Data items
•••
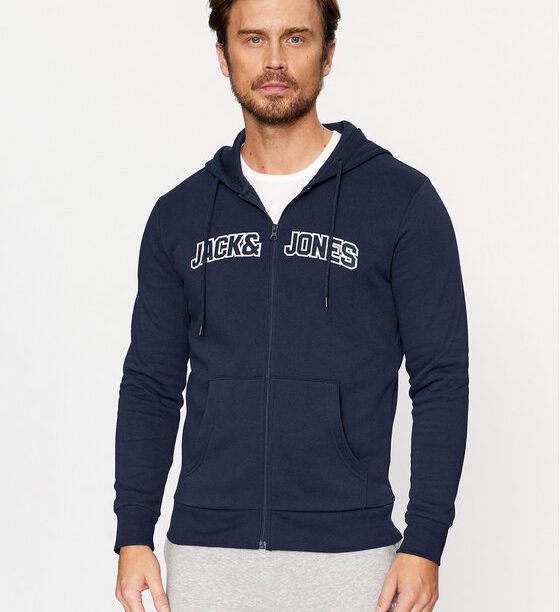 Суитшърт Jack&Jones за Мъже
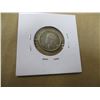 Image 2 : 1944C NEWFOUNDLAND SILVER DIME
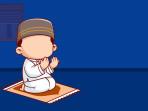 Doa-Dipermudah-Segala-Urusan-Lengkap-Tulisan-Arab-Latin-dan-Terjemahannya.jpg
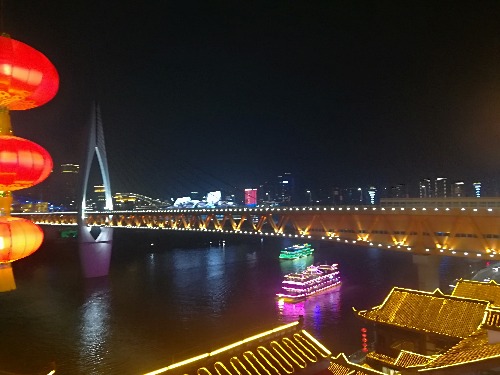 IMG_20191109_195646.jpg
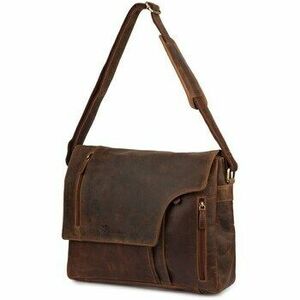 Táskák Beltimore kran26brown kép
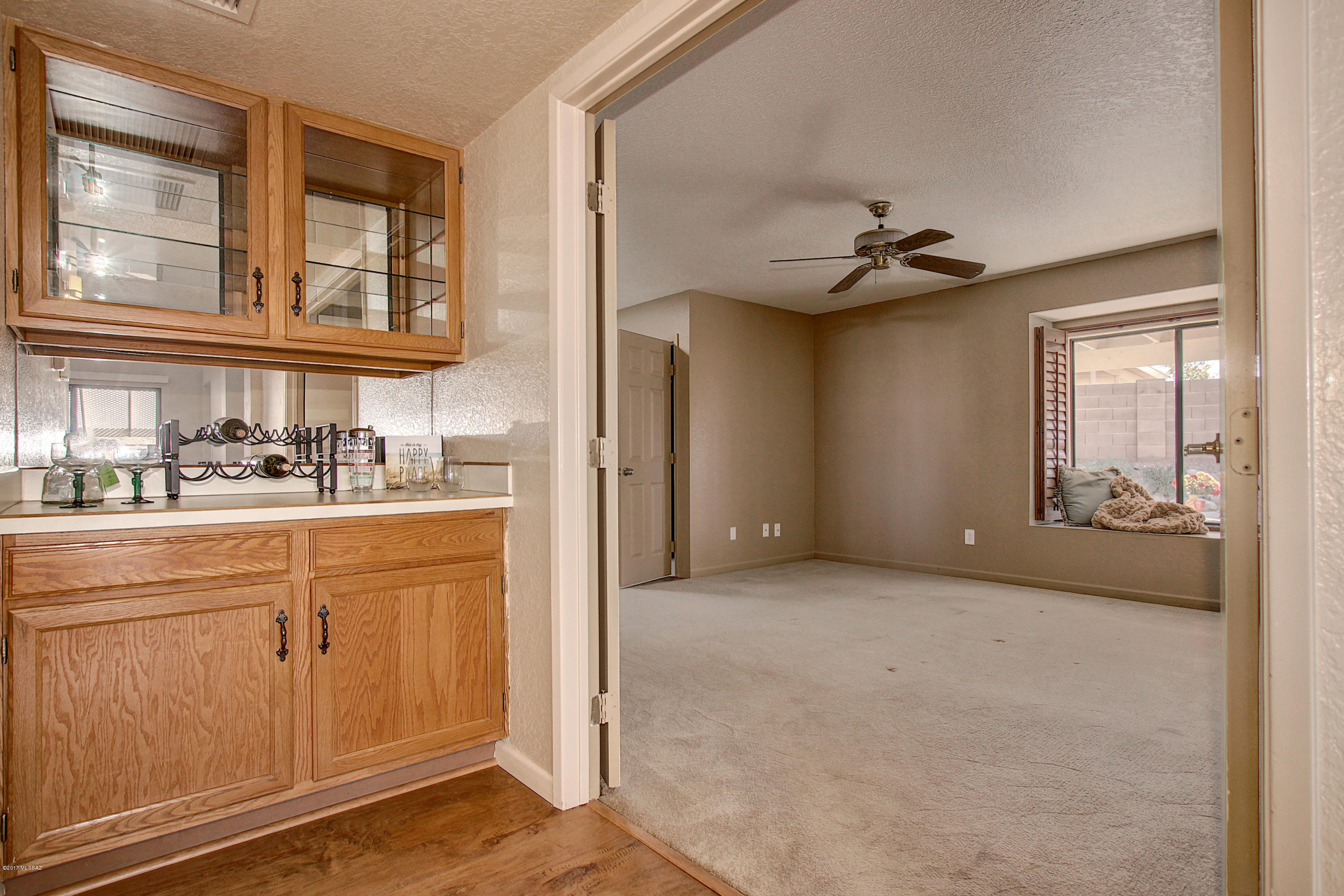 Desert Cove (1-65) - Residential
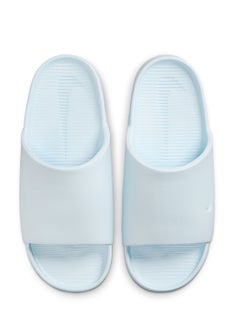 Nike Calm Slide  - Image 4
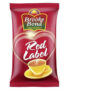 Brooke bond Rrd Label 100gm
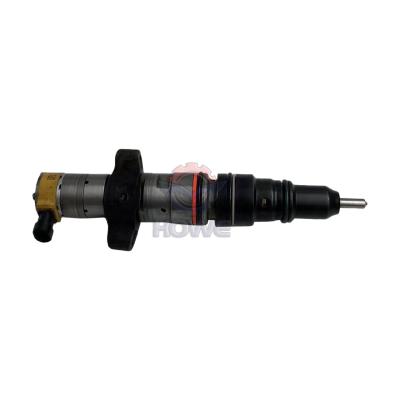 Excavadora Injetor Common Rail 3899433 236-0962 O ajuste perfeito para o motor diesel C-9
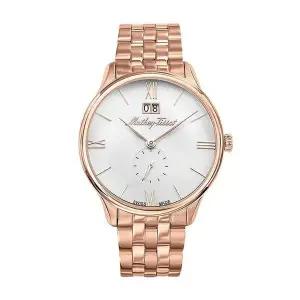 [MATHEY-TISSOT(메티티솟)]메티티솟 H1886MRI 에드먼드 골드 남성 메탈 시계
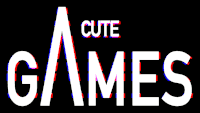 Acute Games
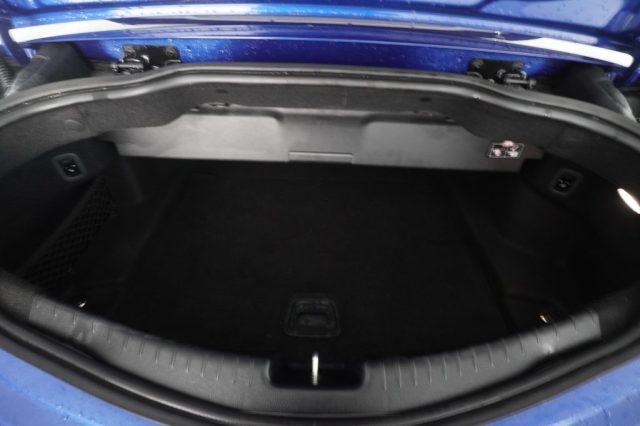 MERCEDES-BENZ CLE Cabrio (A236) CLE 200 Cabrio AMG Line Premium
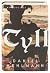 Tyll
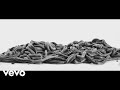 Residente & Nach - Rap Bruto (Video)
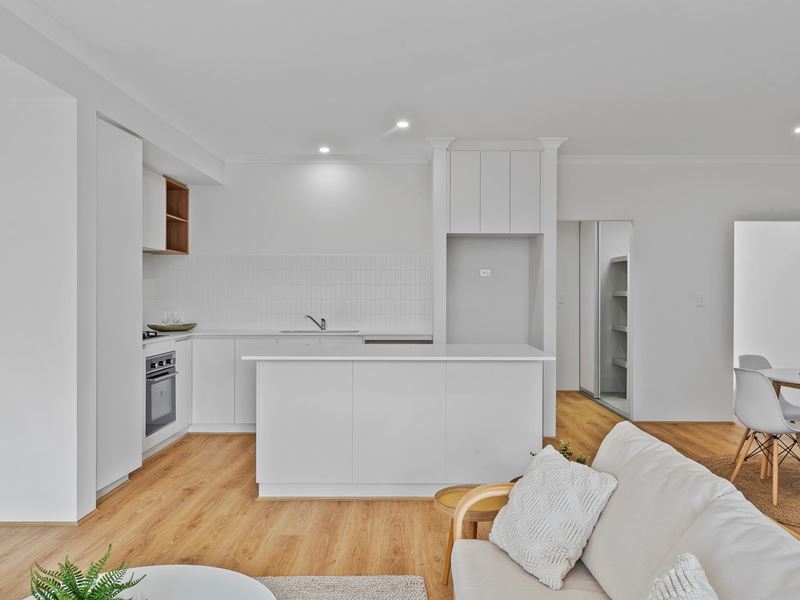 11/101 Oakleigh Drive, Erskine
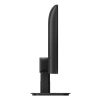 Philips 1000 series 24E1N1100A/00 LED display 60,5 cm (23.8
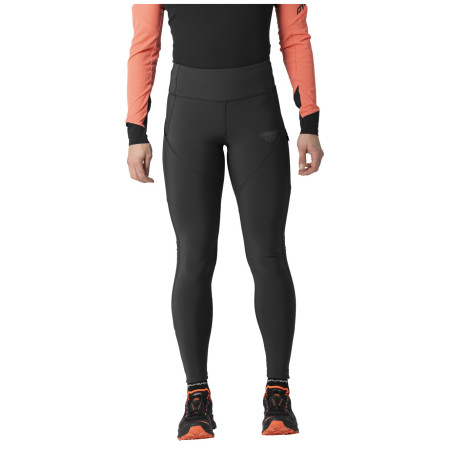 Mallas de mujer Dynafit Winter Running Tights W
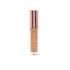 Pink Lipps Cosmetics 5-Star Soft Matte Concealer Powerful like Scorpio 0.3oz - New by This is Beauty US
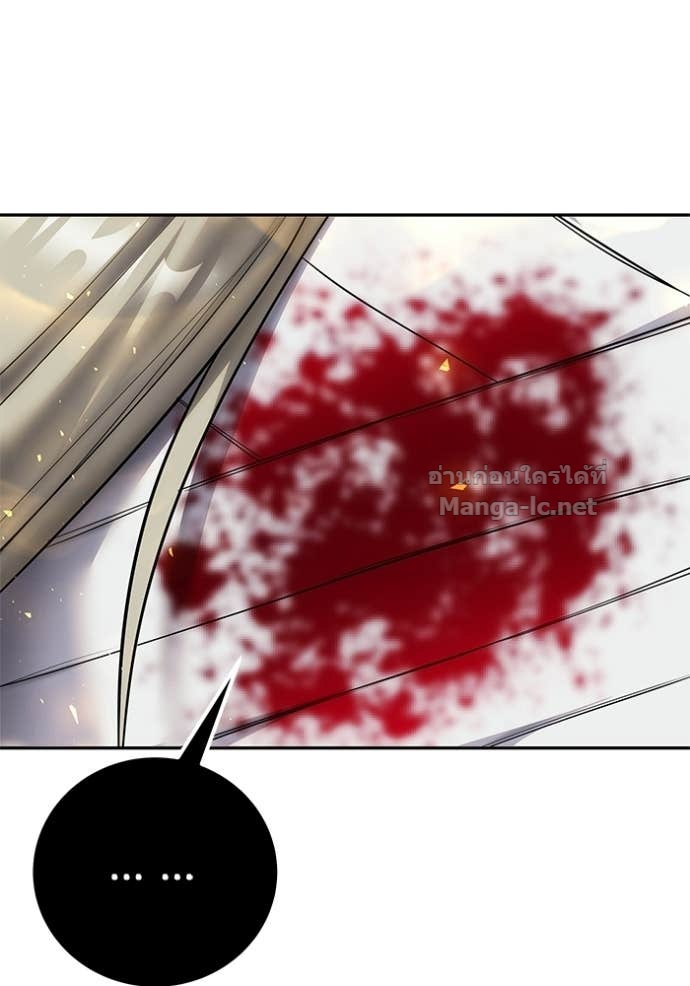 Doujin-Lc- อ่าน โดจิน มังฮวา เกาหลี ญี่ปุ่น จีน แปลไทย แกร่งเกินผู้กล้า แต่ซ่าไม่ได้ ตอนที่ 1 2 3 4 5 6 7 8 9 10 11 12 13 14 ฟรี ไม่มีโฆษณา อ่าน โดจิน Manhwa เกาหลี ญี่ปุ่น จีน เรามีครบ คัดมาให้เน้นๆ โดจิน 18+ รับประกันความฟินโดย Doujin Lc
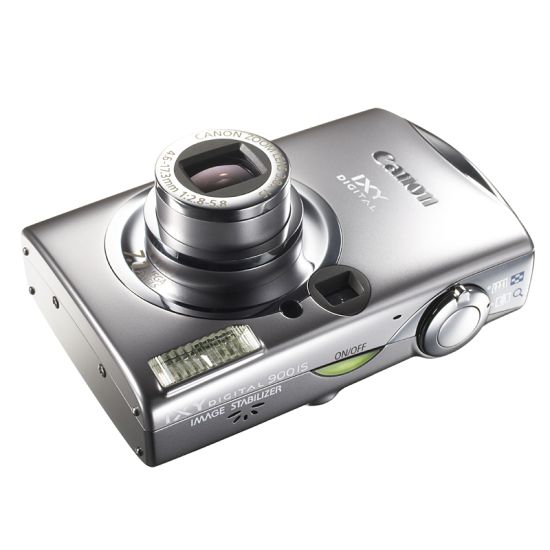 ĳ�� IXUS 850 IS
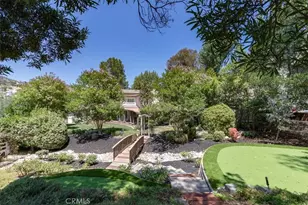 19 Round Up Rd, Bell Canyon, CA 91307 - Photo 51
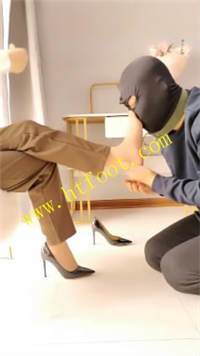 xnjyhs2qpyx.jpg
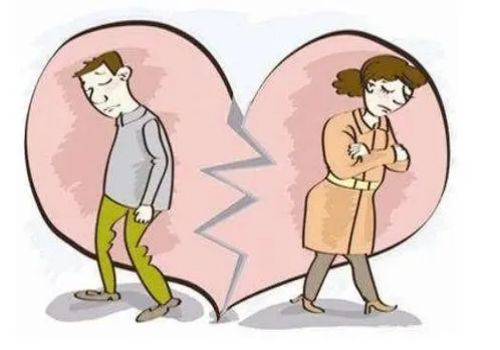 离婚如何可以让对方净身出户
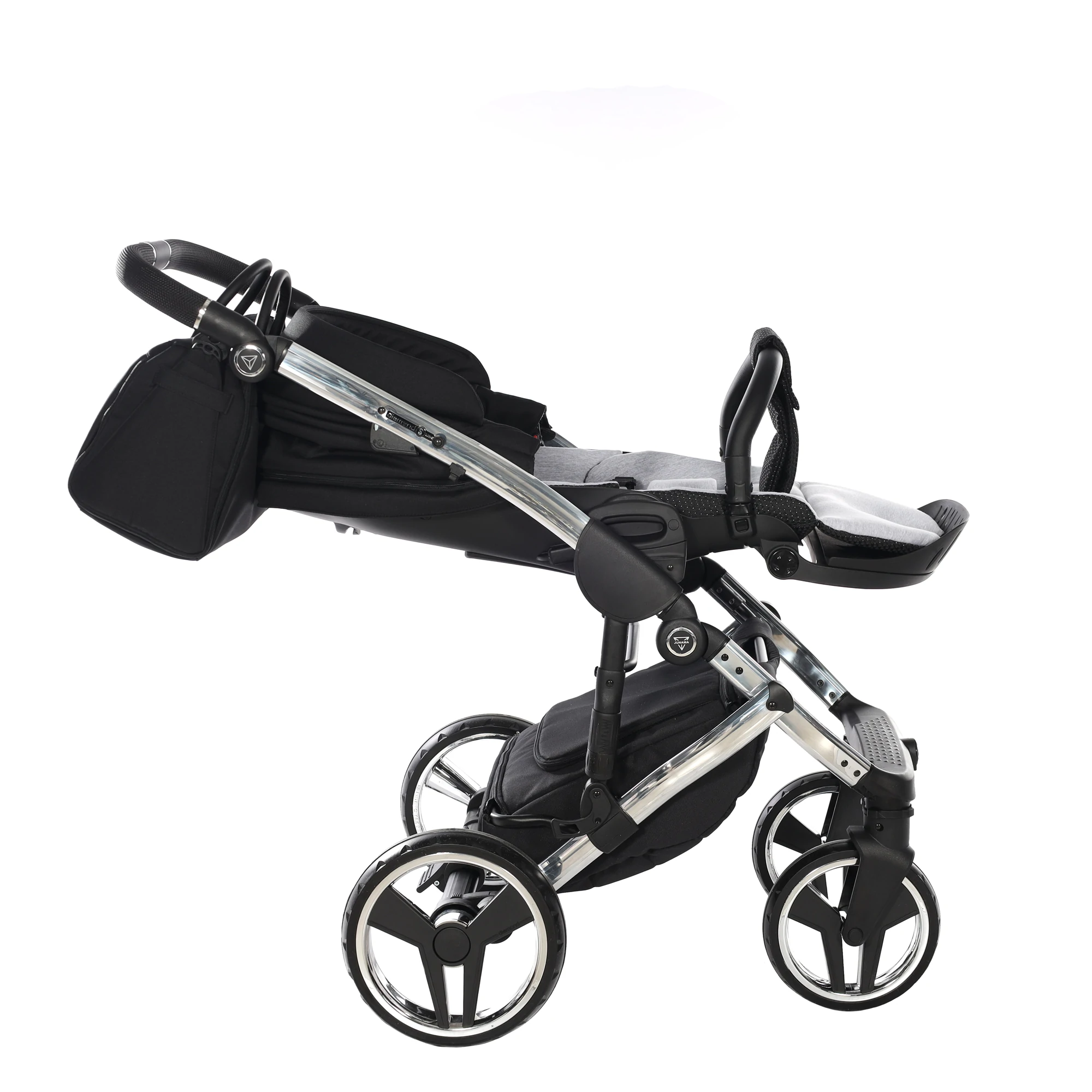 Junama Diamond S-Line V3 +GRATIS - 2w1 | 01 Junama Diamond S-Line V3 +GRATIS - 2w1 | 01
•••
What you are asked to do: Retype the data word for word, please, and keep the images out.

Answer area:
 Суитшърт Jack&Jones за Мъже
 Image 2 : 1944C NEWFOUNDLAND SILVER DIME
 Doa-Dipermudah-Segala-Urusan-Lengkap-Tulisan-Arab-Latin-dan-Terjemahannya.jpg
 IMG_20191109_195646.jpg
 Táskák Beltimore kran26brown kép
 Desert Cove (1-65) - Residential
 Nike Calm Slide  - Image 4
 Brooke bond Rrd Label 100gm
 Excavadora Injetor Common Rail 3899433 236-0962 O ajuste perfeito para o motor diesel C-9
 [MATHEY-TISSOT(메티티솟)]메티티솟 H1886MRI 에드먼드 골드 남성 메탈 시계
 Acute Games
 MERCEDES-BENZ CLE Cabrio (A236) CLE 200 Cabrio AMG Line Premium
 Tyll
 Residente & Nach - Rap Bruto (Video)
 11/101 Oakleigh Drive, Erskine
 Philips 1000 series 24E1N1100A/00 LED display 60,5 cm (23.8
 Mallas de mujer Dynafit Winter Running Tights W
 Pink Lipps Cosmetics 5-Star Soft Matte Concealer Powerful like Scorpio 0.3oz - New by This is Beauty US
 Doujin-Lc- อ่าน โดจิน มังฮวา เกาหลี ญี่ปุ่น จีน แปลไทย แกร่งเกินผู้กล้า แต่ซ่าไม่ได้ ตอนที่ 1 2 3 4 5 6 7 8 9 10 11 12 13 14 ฟรี ไม่มีโฆษณา อ่าน โดจิน Manhwa เกาหลี ญี่ปุ่น จีน เรามีครบ คัดมาให้เน้นๆ โดจิน 18+ รับประกันความฟินโดย Doujin Lc
 ĳ�� IXUS 850 IS
 19 Round Up Rd, Bell Canyon, CA 91307 - Photo 51
 xnjyhs2qpyx.jpg
 离婚如何可以让对方净身出户
 Junama Diamond S-Line V3 +GRATIS - 2w1 | 01 Junama Diamond S-Line V3 +GRATIS - 2w1 | 01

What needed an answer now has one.